• **Work required**: Copy the entries below word for word, but omit any pictures they contain.

• **Captioned web images**:
********

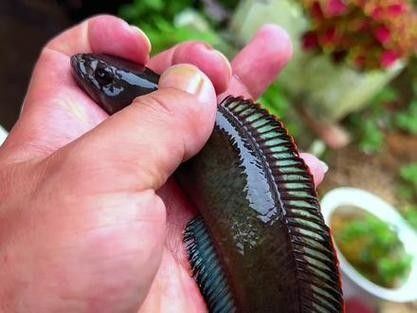 雷龍魚有哪些常見品種圖片？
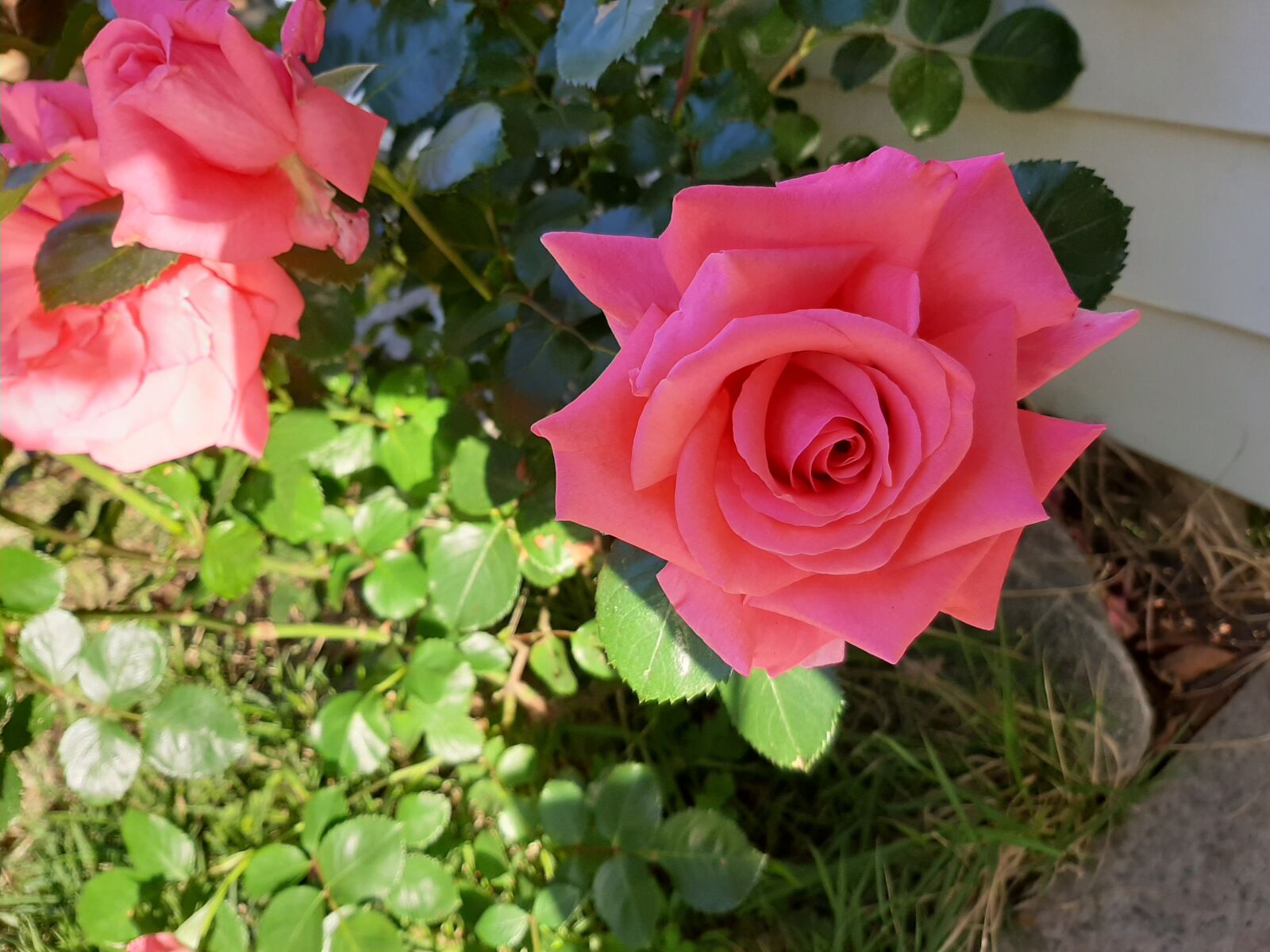 Samsung Galaxy A50 sample photo. Rose, elegant roses, red photography
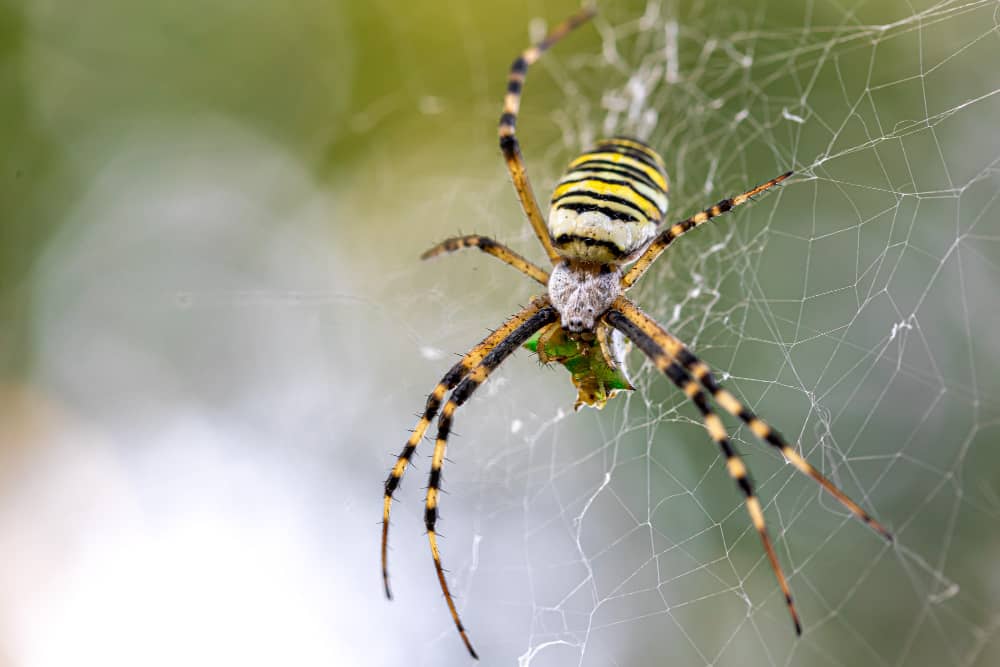 A Seasonal Spider Control Guide for Oakville Homeowners
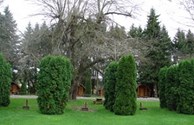 Tent Sites
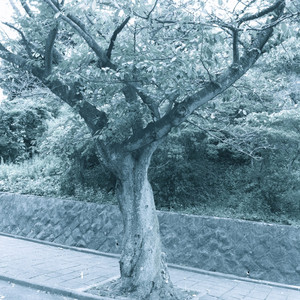 Rest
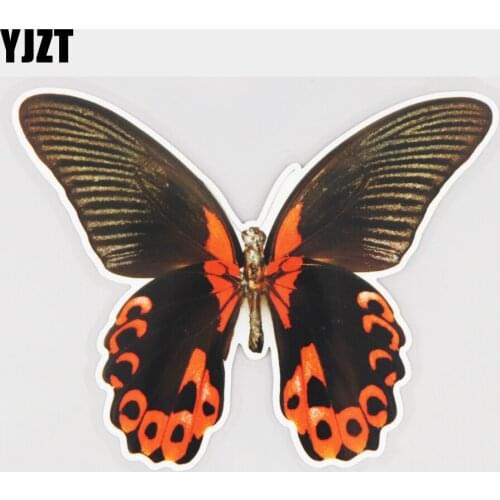 YJZT 15.9×12.5CM Two-Color Butterfly Animal Vinyl Decals Creative Scratch Cover Car Sticker 21A-1204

********

• **Result of this task**:
 雷龍魚有哪些常見品種圖片？
 Samsung Galaxy A50 sample photo. Rose, elegant roses, red photography
 A Seasonal Spider Control Guide for Oakville Homeowners
 Tent Sites
 Rest
 YJZT 15.9×12.5CM Two-Color Butterfly Animal Vinyl Decals Creative Scratch Cover Car Sticker 21A-1204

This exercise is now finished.